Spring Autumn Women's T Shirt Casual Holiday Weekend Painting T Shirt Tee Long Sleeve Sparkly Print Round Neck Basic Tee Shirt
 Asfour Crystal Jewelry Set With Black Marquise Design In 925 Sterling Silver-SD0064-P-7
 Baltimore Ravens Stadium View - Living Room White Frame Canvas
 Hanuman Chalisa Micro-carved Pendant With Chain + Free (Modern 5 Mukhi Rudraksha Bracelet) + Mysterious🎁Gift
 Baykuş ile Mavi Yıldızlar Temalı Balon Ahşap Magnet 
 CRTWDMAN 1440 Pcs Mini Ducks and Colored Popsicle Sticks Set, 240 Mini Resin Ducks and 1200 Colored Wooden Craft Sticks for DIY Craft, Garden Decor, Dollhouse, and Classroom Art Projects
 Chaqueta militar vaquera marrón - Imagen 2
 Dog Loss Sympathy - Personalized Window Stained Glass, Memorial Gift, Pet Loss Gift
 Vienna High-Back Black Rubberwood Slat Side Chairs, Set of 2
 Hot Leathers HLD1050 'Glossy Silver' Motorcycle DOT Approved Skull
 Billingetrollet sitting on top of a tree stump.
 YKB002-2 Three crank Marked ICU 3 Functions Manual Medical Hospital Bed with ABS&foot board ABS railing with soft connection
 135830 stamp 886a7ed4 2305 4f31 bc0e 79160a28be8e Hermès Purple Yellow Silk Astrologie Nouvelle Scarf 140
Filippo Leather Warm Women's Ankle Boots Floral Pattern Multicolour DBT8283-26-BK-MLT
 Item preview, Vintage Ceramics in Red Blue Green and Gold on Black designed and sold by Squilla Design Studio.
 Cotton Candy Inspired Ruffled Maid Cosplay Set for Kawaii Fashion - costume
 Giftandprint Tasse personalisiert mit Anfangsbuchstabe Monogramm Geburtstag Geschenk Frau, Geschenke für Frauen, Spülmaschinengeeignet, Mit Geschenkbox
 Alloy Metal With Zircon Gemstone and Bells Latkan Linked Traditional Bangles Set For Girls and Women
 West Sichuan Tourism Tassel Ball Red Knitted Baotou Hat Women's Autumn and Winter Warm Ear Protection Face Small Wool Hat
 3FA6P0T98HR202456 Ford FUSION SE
- - - -
What you are asked to do:
If a line above holds the string "Warm", return it as it stands.

Expected answer:
Filippo Leather Warm Women's Ankle Boots Floral Pattern Multicolour DBT8283-26-BK-MLT
 West Sichuan Tourism Tassel Ball Red Knitted Baotou Hat Women's Autumn and Winter Warm Ear Protection Face Small Wool Hat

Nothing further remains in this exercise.